A Letter To My Bonus Baby

Oh my baby girl. Watching you sleeping, fist curled tight around my finger, head snuggled into my chest – I just never want to let you go. It’s your bedtime and I know I should put you into your cot. The dishes need washing, I’ve a million posts to write and so much work to do yet all I want to do is hold you. Watch you. I wish I could sit here with you cradled into me for eternity.

I want to forever feel the weight of your roly poly little pudding body, nestled into mine. I could stay here with you and listen to your soft, little breaths all night. In these moments, time stands still for us. The world whizzes past but right here, in this moment, we have forgotten what time is haven’t we my darling? Right now, in this moment we can shut out the rest of the world and still be as one.
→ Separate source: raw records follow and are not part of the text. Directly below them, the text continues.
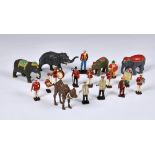 A collection of vintage hand painted lead circus figures, comprising of ring master, animal trainer,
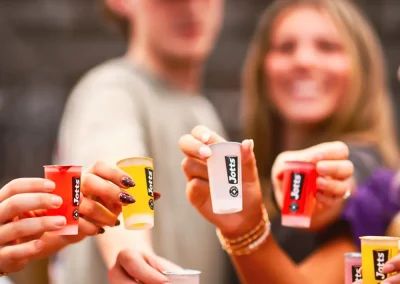 People holding up colorful Jello shots, smiling and celebrating together.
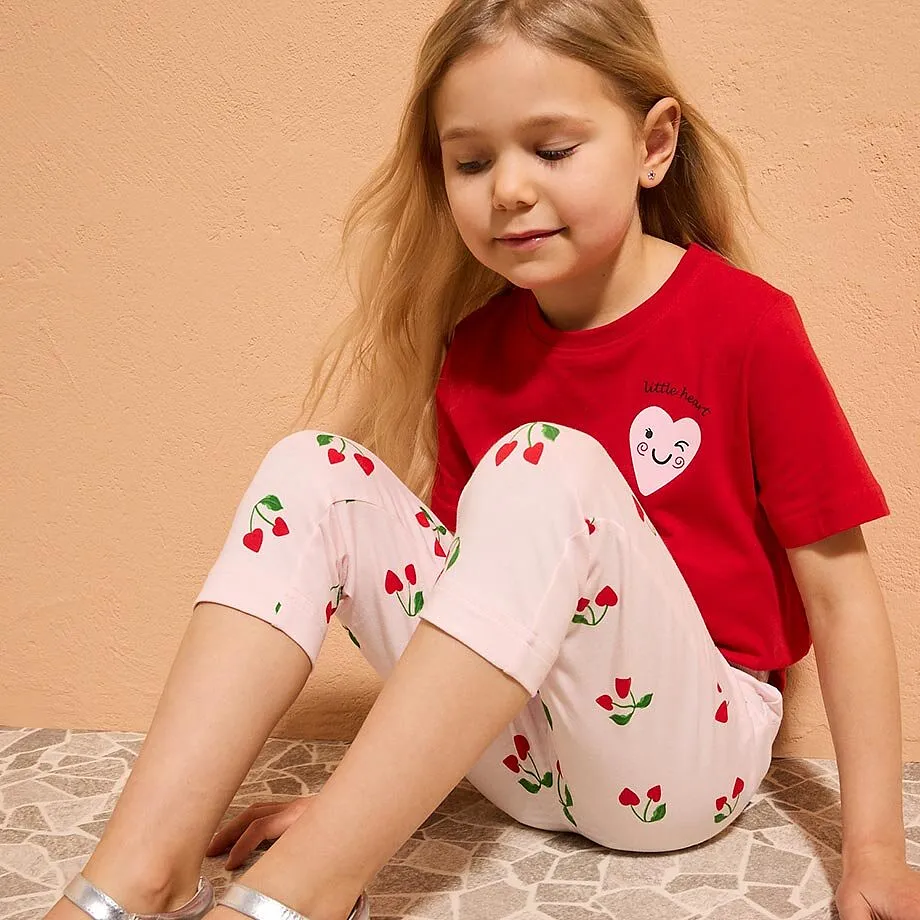 En liten flicka b&auml;r en r&ouml;d T-shirt med hj&auml;rtmotiv.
You are developing so quickly. New words, new milestones reached, one on top of the other – so much faster than I can record them. I remember them all though.

Your personality and strength are beginning to shine through each day.

It is of course a joy to watch you thrive, to watch you grow happily and healthily but how I wish I could slow down time and savour each and every second just that bit more. You are to be my last baby and how I wish you would stay new and tiny. Stay mine forever.

bonus baby

Watching your brother growing rapidly and changing into a young man, I am reminded every day that childhood disappears so fast. I wish I had held on to his more than I did. This time round with you, I’m capturing and storing snapshots in my mind of these moments, the tiny moments. The everything moments. I’m inhaling your soft, just-bathed scent and bottling it in my soul for those days when you are older, stroppier and more independent. I want to remember these milky, squishy moments.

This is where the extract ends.